A noção de “crise civilizatória” é muito usada por cientistas sociais, teólogos ou outras áreas de conhecimento ao falar da situação global. Uns apontam que a sua causa vem da pretensão da razão moderna de controlar a natureza, outros da absolutização da lógica do lucro no capitalismo, que foi acelerado no neoliberalismo, e ainda outros, como neoliberais, citam a perda da noção original de liberdade individual como a causa. Para esses últimos, a pretensão moderna de construir conscientemente uma sociedade socialmente mais “justa”, –que pressupõe uma intervenção do Estado (social democrata ou socialista) no mercado com políticas e programas sociais–, seria a principal causa da atual crise civilizatória. Nesse sentido, o neoliberalismo seria uma proposta de “salvação” da humanidade contra todos aqueles que interferem na liberdade do mercado e na lógica do mérito individual. Assim, podemos dizer que, além das lutas políticas e de classes, estamos em uma luta de interpretação sobre as causas e consequências da atual crise civilizatória e o futuro da humanidade.

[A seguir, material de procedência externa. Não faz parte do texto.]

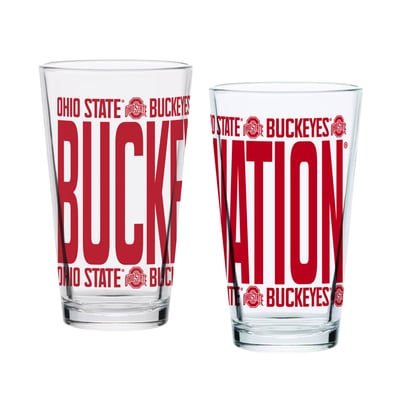 Indigo Falls Ohio State Buckeyes Elevated Pint Glass Set of 2
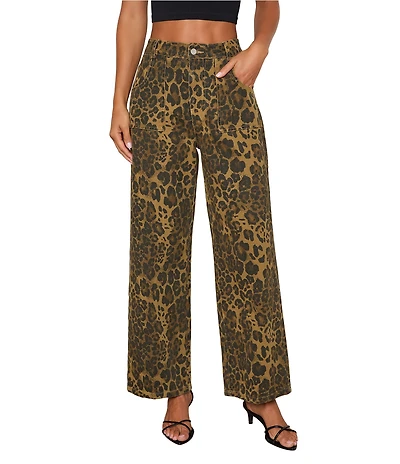 VICI Collection Leopard Straight Leg Coordinating Jeans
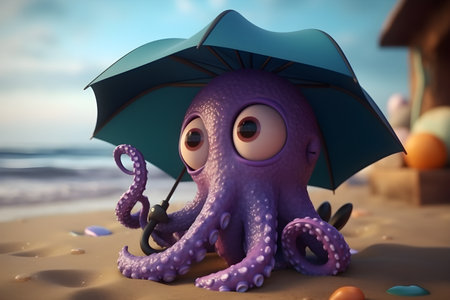 Cartoon octopus with umbrella on the beach. 3d illustrationの素材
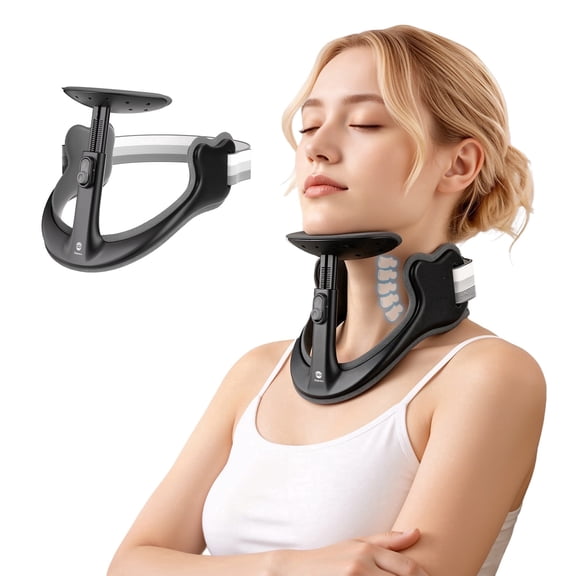 Owlprince Neck Braces for Pain Relief & Neck Support, Cervical Spine Alignment Neck Collar with 28 Levels, Neck Traction Posture Corrector for Men Women,Black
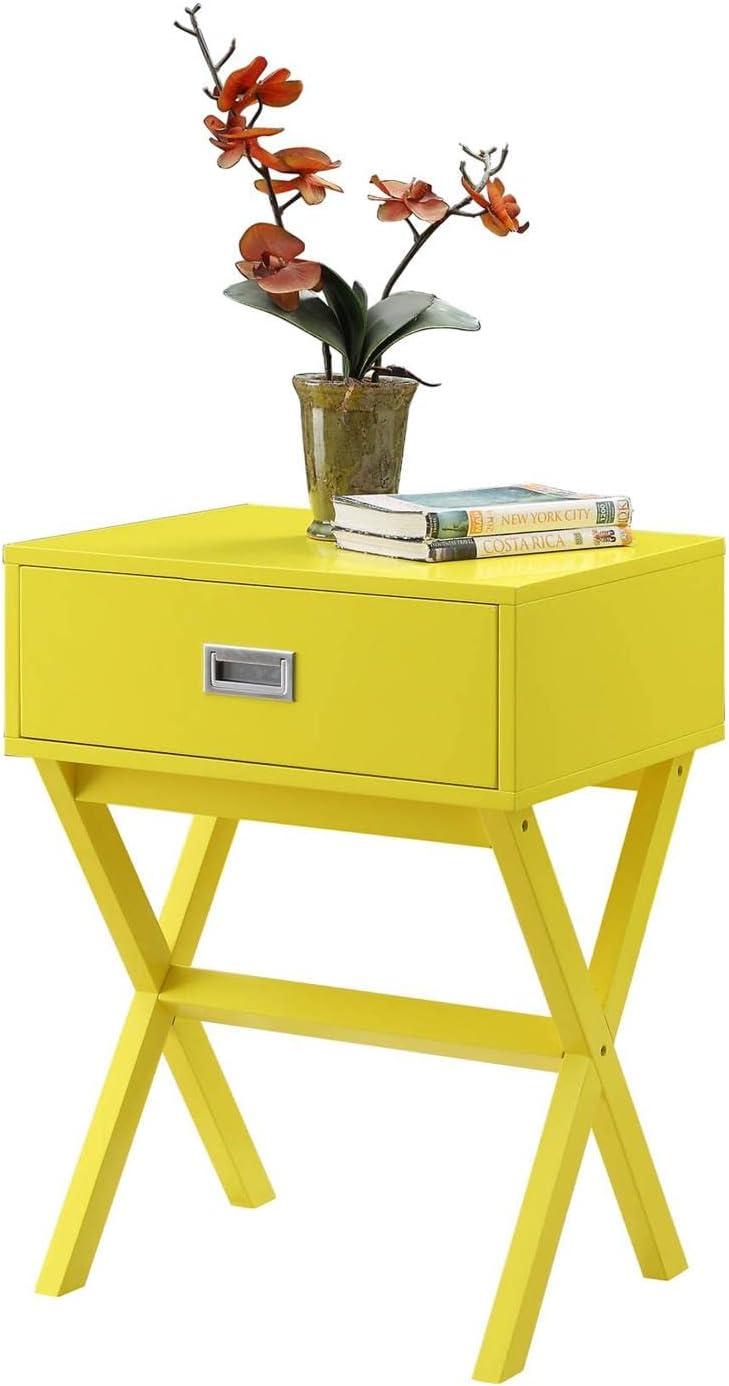 Convenience Concepts Designs2Go Landon 1 Drawer End Table, Yellow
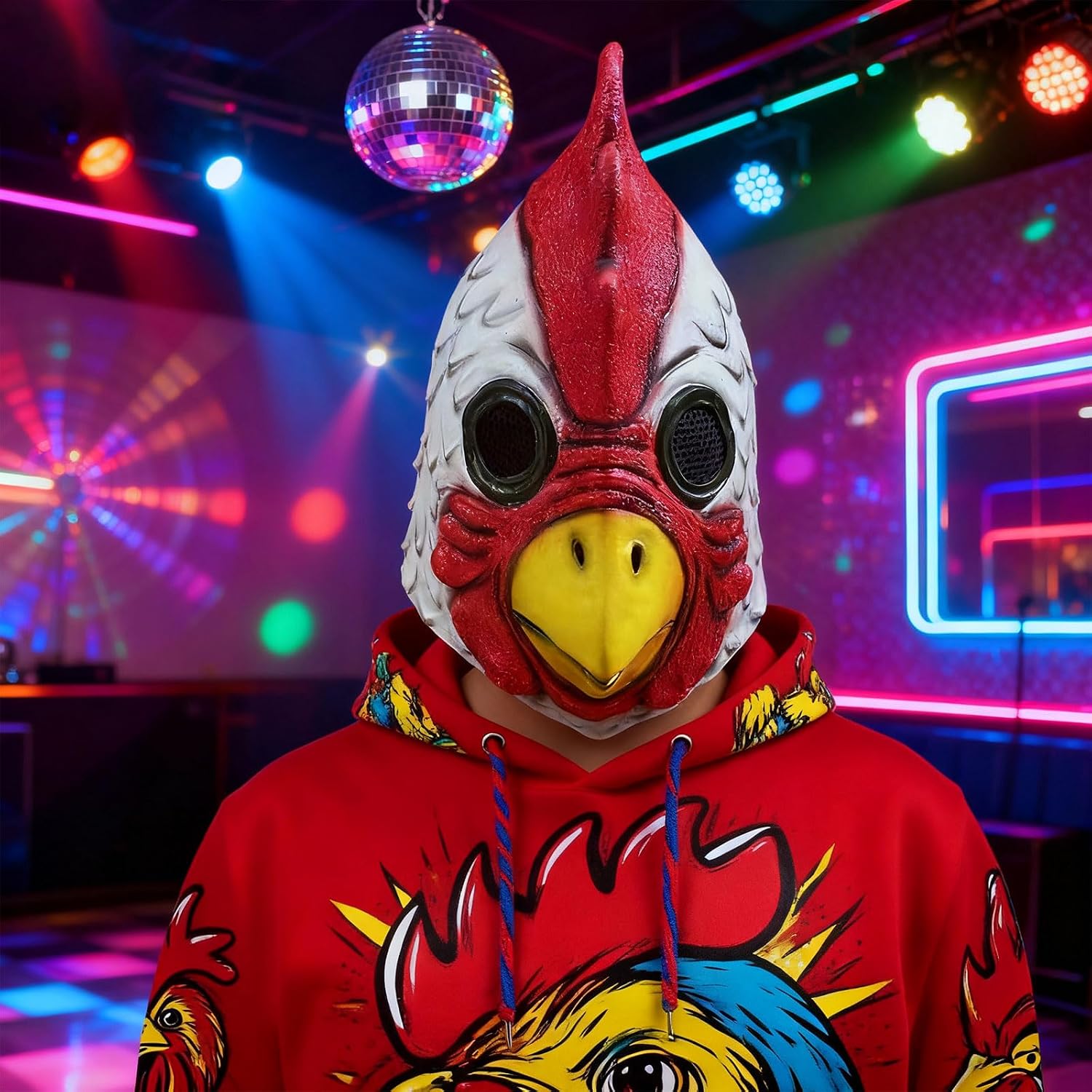 Rooster Mask, Funny Latex Chicken Role Play Head Masks for Festival Cosplay Party Props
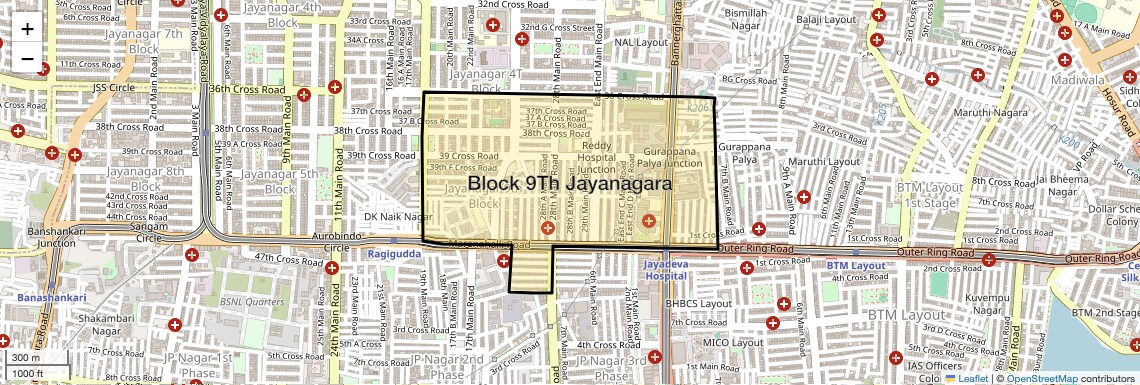 Location Map of Block 9Th Jayanagara, Bangalore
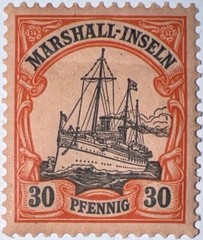 Travelstamps: GERMANY MARSHALL ISLANDS STAMPS Kaiser’s Yacht Mint OG H UNWMK 30p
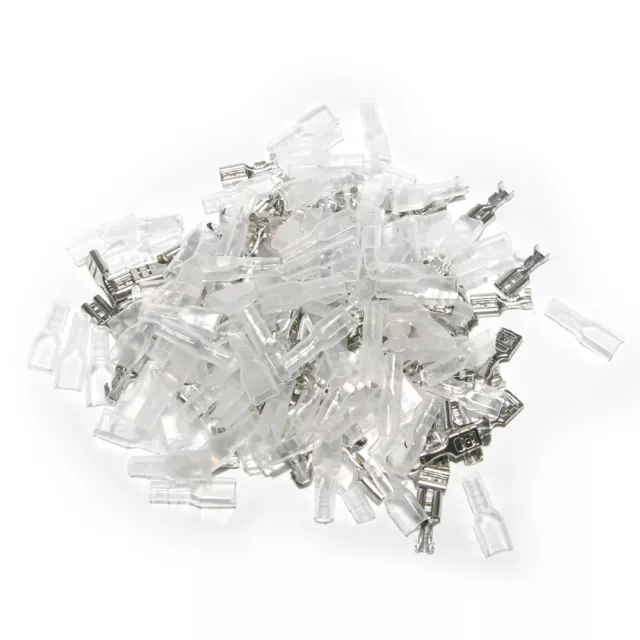 100pcs Female 4.8mm Spade Insulated Electrical Wiring Crimp Terminal Connectors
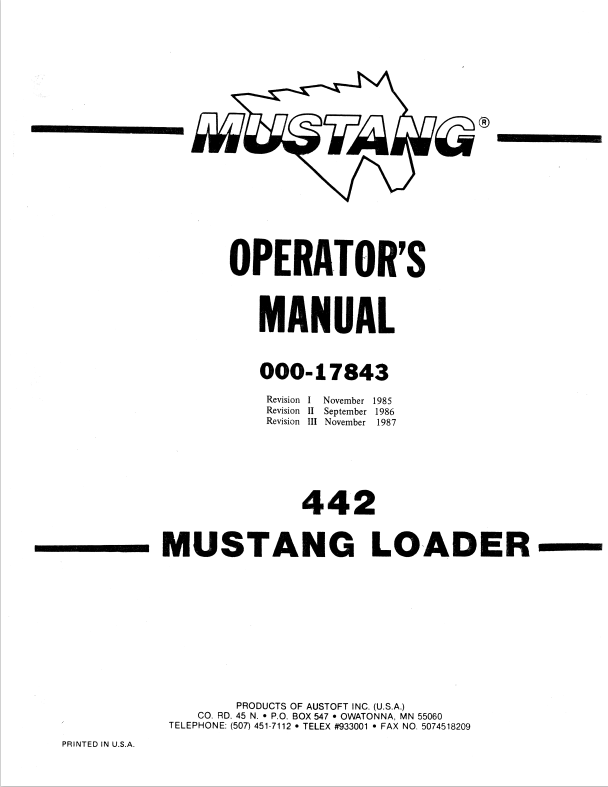 MUSTANG 442 LOADER OPERATOR MANUAL 000-17843 - PDF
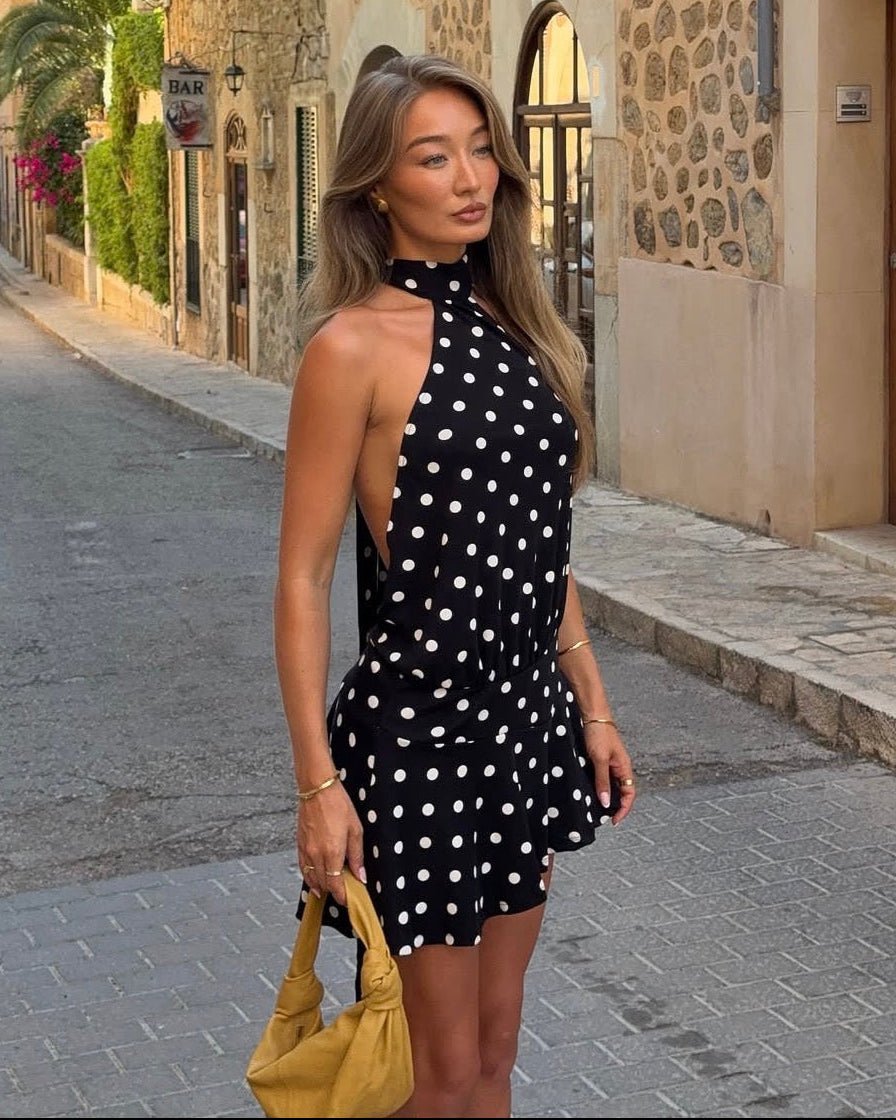 Vestido curto halter com costas abertas e padrão de bolinhas Serena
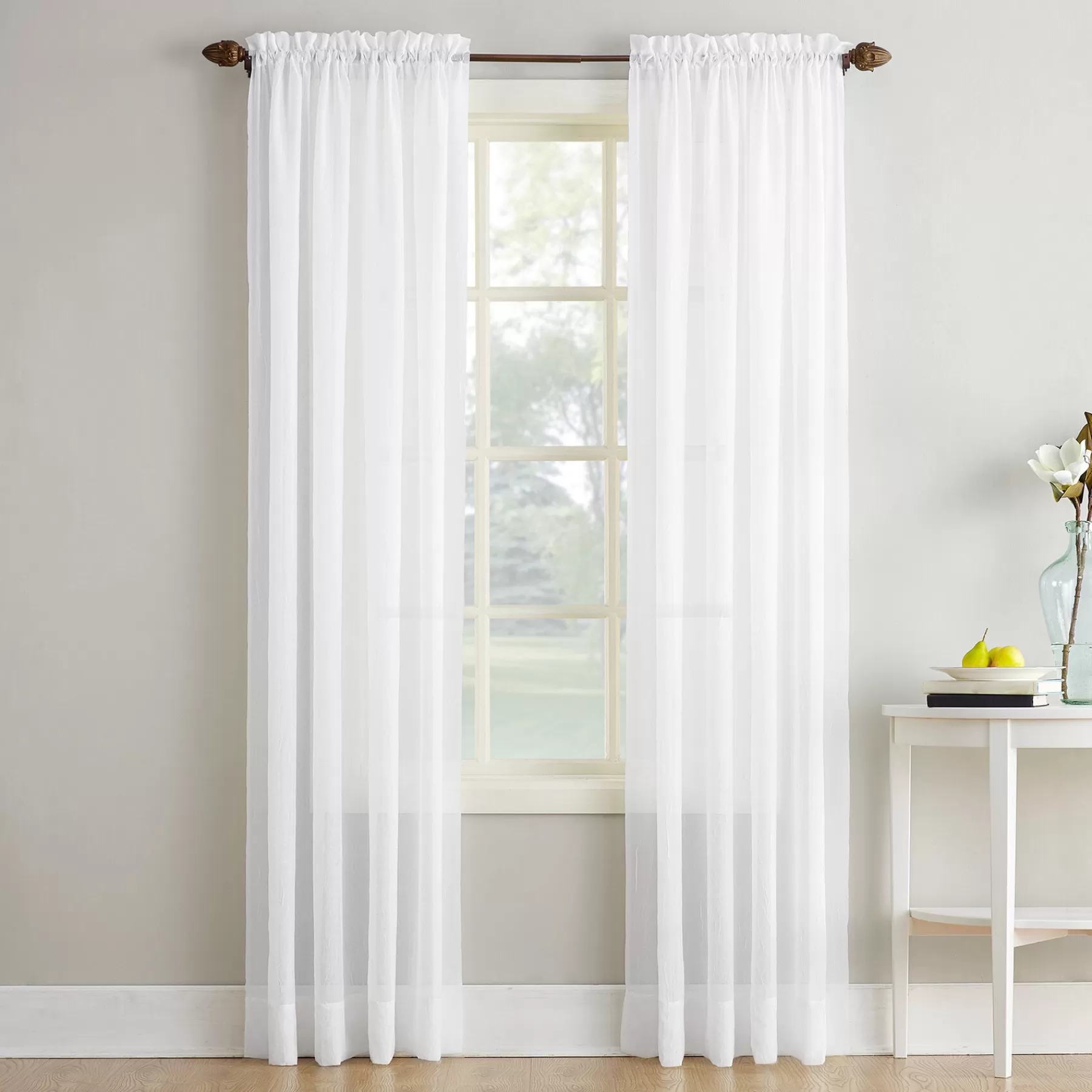 * Attractive Erica White Crushed Voile Rod Pocket Sheer Curtain Panel, 95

Na citação mais acima, Hinkelammert diz que a atual crise “começa com o levantamento contra a igualdade de todas as pessoas, que é ao mesmo tempo um levantamento contra os direitos humanos”, levantamento esse que teria iniciado com Nietzsche e tornado uma força política com o fascismo/nazismo e o neoliberalismo. Sabemos que nas sociedades antigas a noção de igualdade de todas pessoas não fazia nenhum sentido. As religiões ensinavam que Deus ou deuses haviam criado diferentes tipos de seres humanos, livres e escravos, castas superiores e inferiores, ou pessoas de “sangue azul” e o comum; assim como as filosofias justificavam a escravidão em nome da natureza. Nesse sentido, o “normal” era a diferença fundamental entre os livres e os escravos, ou entre seres humanos superiores e os inferiores. Hinkelammert, como um dos principais pensadores da teologia da libertação e do pensamento crítico latino-americana, retoma essa questão da origem da atual crise civilizatória lembrando-nos que não foi da tradição greco-romana, mas sim da judaica que aprendemos a rebelião dos “inferiores” em nome da igualdade de todos seres humanos. E que essa tradição ganhou um salto transcendental no anúncio do Reino de Deus feito por Jesus. Um reino em que Deus ama a todos seres humanos, bons ou maus, amigos ou inimigos, pecadores ou “santos”.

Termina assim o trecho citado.